**What you will do**
If an entry holds a picture, drop the picture but restate the entry word for word.

**Data provided**
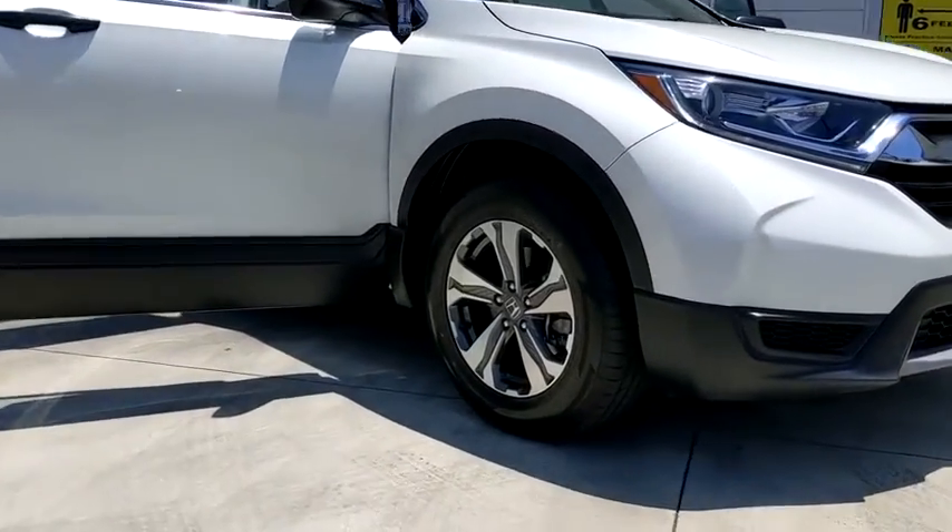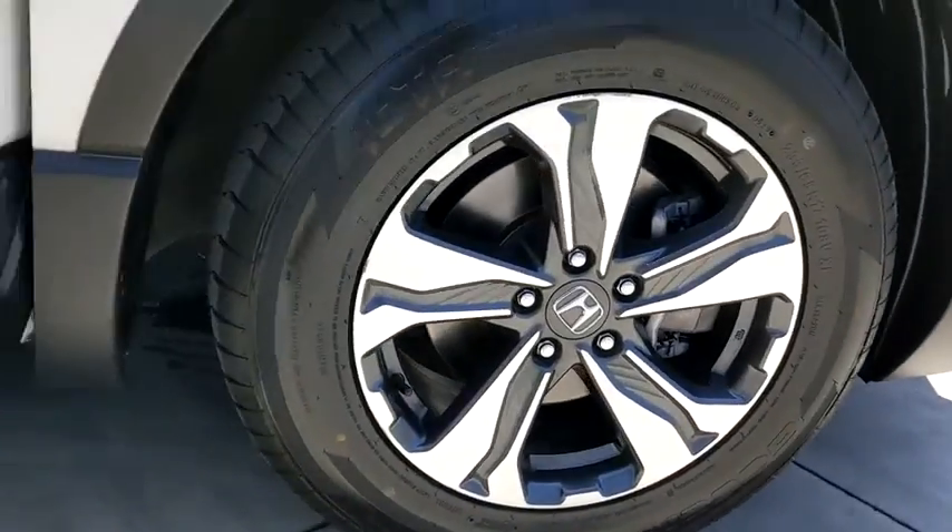This vehicle has less than 40,000 miles. Here are some of this vehicle's great options.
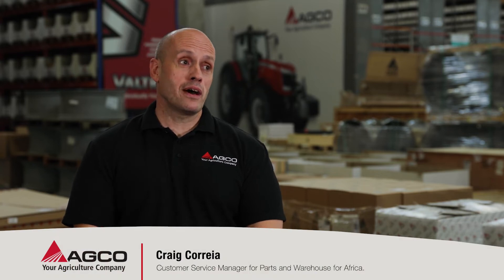Hi, I'm Craig Correa. I head up customer service, parts and warehousing for Africa and South Africa Echo.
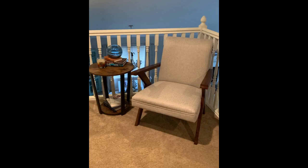A great looking table that is sturdy and awesomely priced. Couldn't be happier with this purchase.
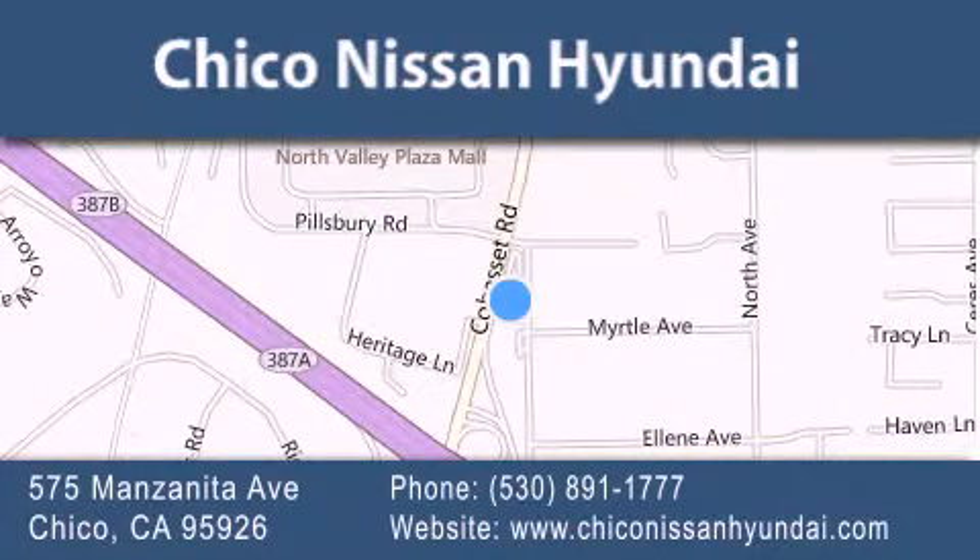We are conveniently located at 575 Manzanita Avenue in Chico, California. Take Highway 99 to the Mangrove Cohasset exit. Hope to see you soon.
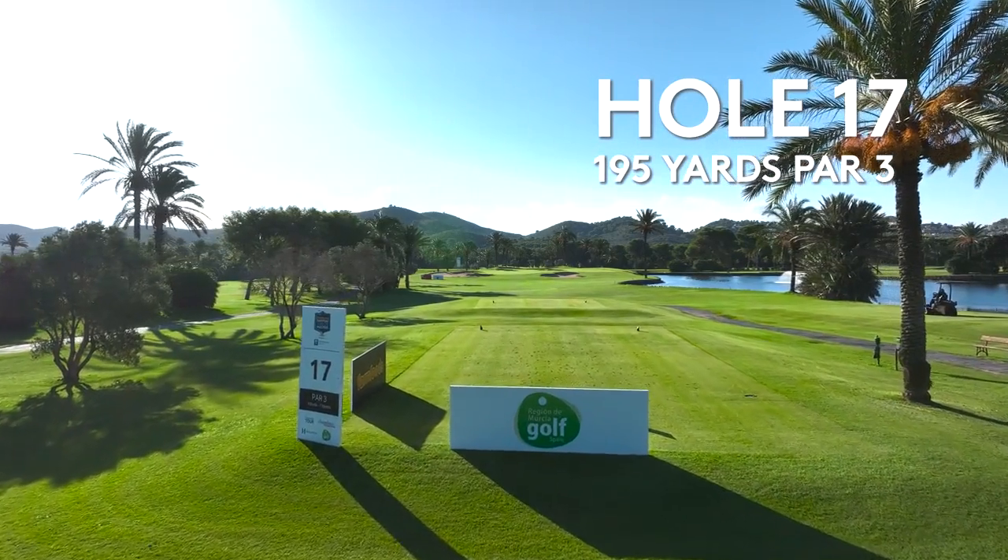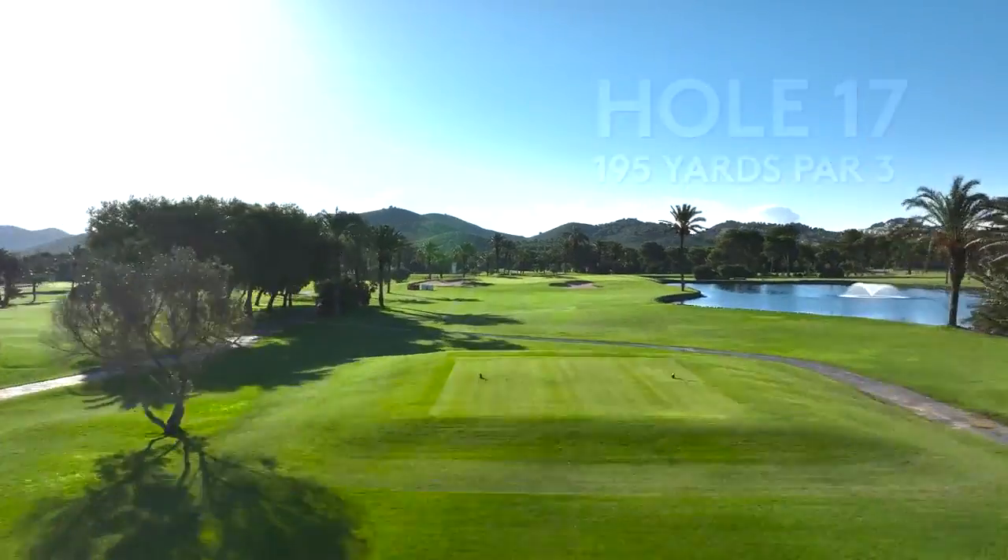17 is a very nice par 3 towards the end of the round. It's a medium to long iron.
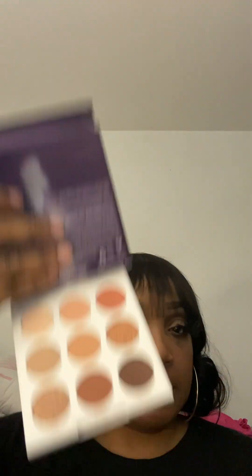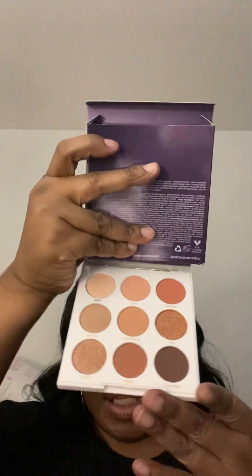And the last thing I got was a palette, and this is from Tarte — this is the Tarte Sunrise Palette. This is what she looks like. Here's what the palette looks like. It's a nice palette, but I have so many palettes with similar shades.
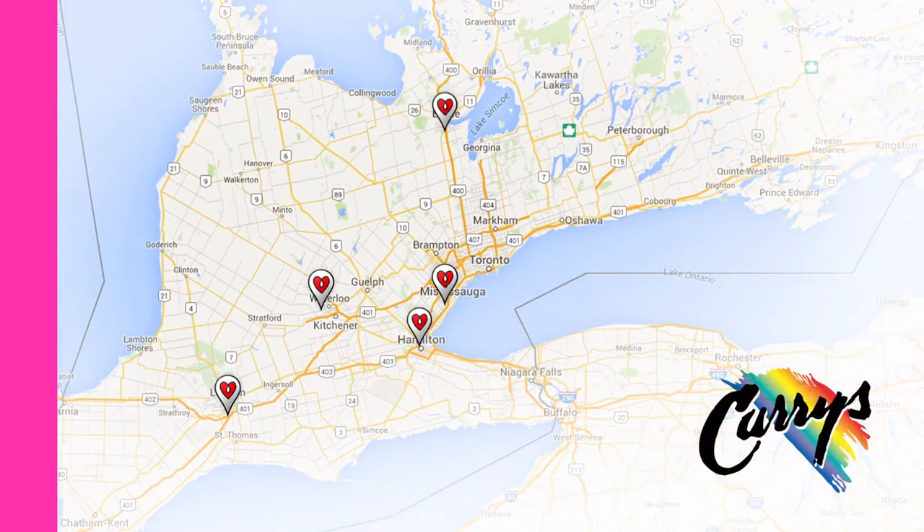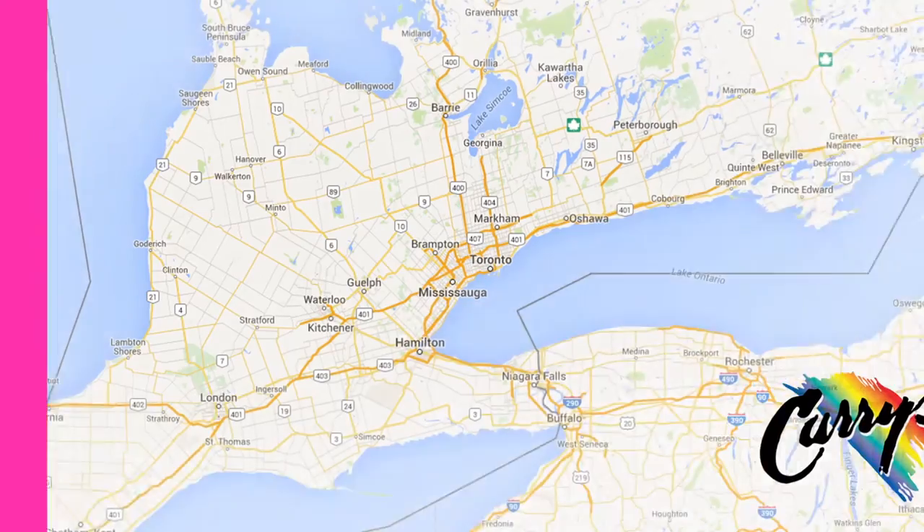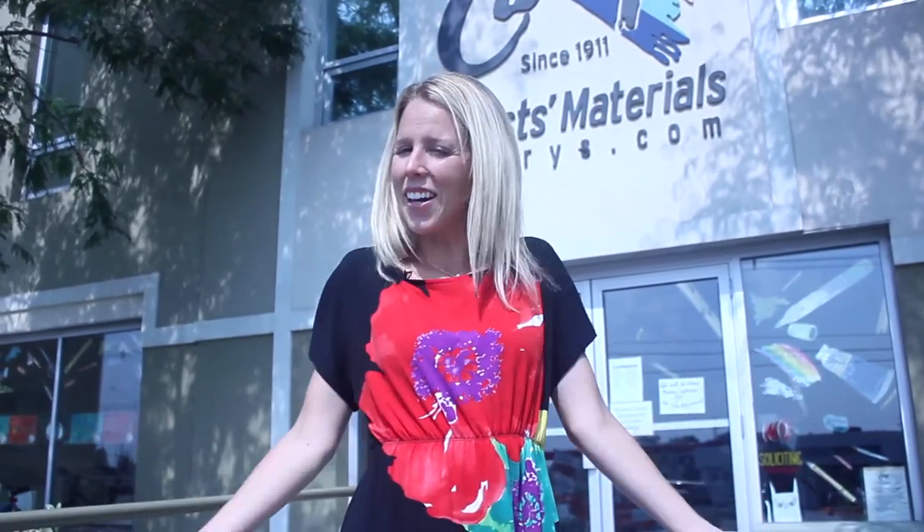We're outside the Curry's Art Store location in Oakville, Ontario, where they're now stocking Art Resin — actually in all 11 locations, and we're so stoked. Dave and I are regular customers at this store, and in fact I bought my first house down the street from here because it was in close proximity to this Curry's. So let's go in and have our first look at Art Resin on the shelves.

**Output for this task**
This vehicle has less than 40,000 miles. Here are some of this vehicle's great options.
Hi, I'm Craig Correa. I head up customer service, parts and warehousing for Africa and South Africa Echo.
A great looking table that is sturdy and awesomely priced. Couldn't be happier with this purchase.
We are conveniently located at 575 Manzanita Avenue in Chico, California. Take Highway 99 to the Mangrove Cohasset exit. Hope to see you soon.
17 is a very nice par 3 towards the end of the round. It's a medium to long iron.
And the last thing I got was a palette, and this is from Tarte — this is the Tarte Sunrise Palette. This is what she looks like. Here's what the palette looks like. It's a nice palette, but I have so many palettes with similar shades.
We're outside the Curry's Art Store location in Oakville, Ontario, where they're now stocking Art Resin — actually in all 11 locations, and we're so stoked. Dave and I are regular customers at this store, and in fact I bought my first house down the street from here because it was in close proximity to this Curry's. So let's go in and have our first look at Art Resin on the shelves.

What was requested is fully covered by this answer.